Beyond that, I rely on a few helpful guidelines. Among them:
The Terror Axiom. If, during the course of a horror movie, I scream, jump, grab my husband’s arm or chew on my knuckle, it gets a half-star bonus. If I do so consistently: Automatic two stars. If I feel no shiver of fear whatsoever but am in fact bored out of my head: One star, tops.
The Homage Bonus/Rip-Off Penalty. If a film gracefully refers to a classic movie, it earns a half-star bonus. If it strikes me as a brazen and moronic rip-off, it loses half a star.
The Greatest Game Everzzzzzzz. If a film almost lulls me to sleep: Two and a half stars, tops.
The Generation Gap.
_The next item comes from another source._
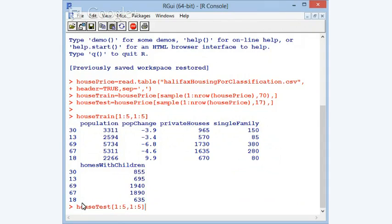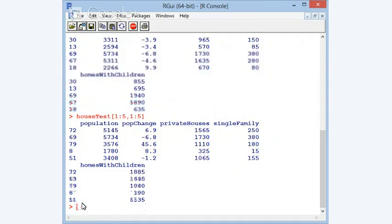For house_train, looking at the first five rows and first five columns, the rows picked up were row numbers 30, 13, 69, 67, and 18. I didn't print all columns because there are far too many. For house_test, confirming they are different numbers — the rows picked up are 72, 69, 79, 8, and 51. So we now have two different datasets.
If I dislike a movie intended for kids but my own children like it, I add a half a star. If they dislike it, I clip it another half-star.
The Romance Axiom. If, during the course of a love story, I smile when two characters snog: Half-star bonus. If I groan: Half-star penalty. If I wince or close my eyes: Whole-star penalty.
The Tylenol Demerit. Any film that gives me a headache is penalized one star.
Clichéd Bromides and Hackneyed Stereotypes. If a film includes a) exploding slo-mo fireballs, b) slime-covered aliens shaped like insects, c) a hooker with a heart of gold, d) a venal man of the cloth, e) a fussy gay sidekick, f) Carmina Burana choral rip-offs, or g) any other annoying platitude, it’s docked half a star. Per.
The Humor Axiom. If, during the course of a comedy, I belly laugh, it gets a half-star bonus. If I do so consistently: Automatic two stars. If I don’t laugh once: one star, tops.
Human Telescope. If I can see a plot twist from a mile off, the film loses a half star. If I’m startled by every one: One-star bonus.
The Weepie Axiom. If, during the course of a four-hankie tearjerker, I actually cry, the film gets no bonus whatsoever, because I happen to cry at everything. I even cry at prescription-drug ads. So if a four-hankie tearjerker doesn’t make me cry at all, then it’s a pathetic excuse for a four-hankie tearjerker, and it gets penalized two stars.
Unhappy Endings. If a film collapses into a pat and predictable Hollywood climax, it loses a star.
The Oscar Quotient. If a film features one spectacular performance, it gets at least two stars. If it features two, it gets at least three.
Finally:
May She Rest In Peace, Part I. If I would recommend a movie to my late mother, it gets an automatic three stars.
May She Rest in Peace, Part II. If I wouldn’t recommend it to her dead cat: Half a star, tops.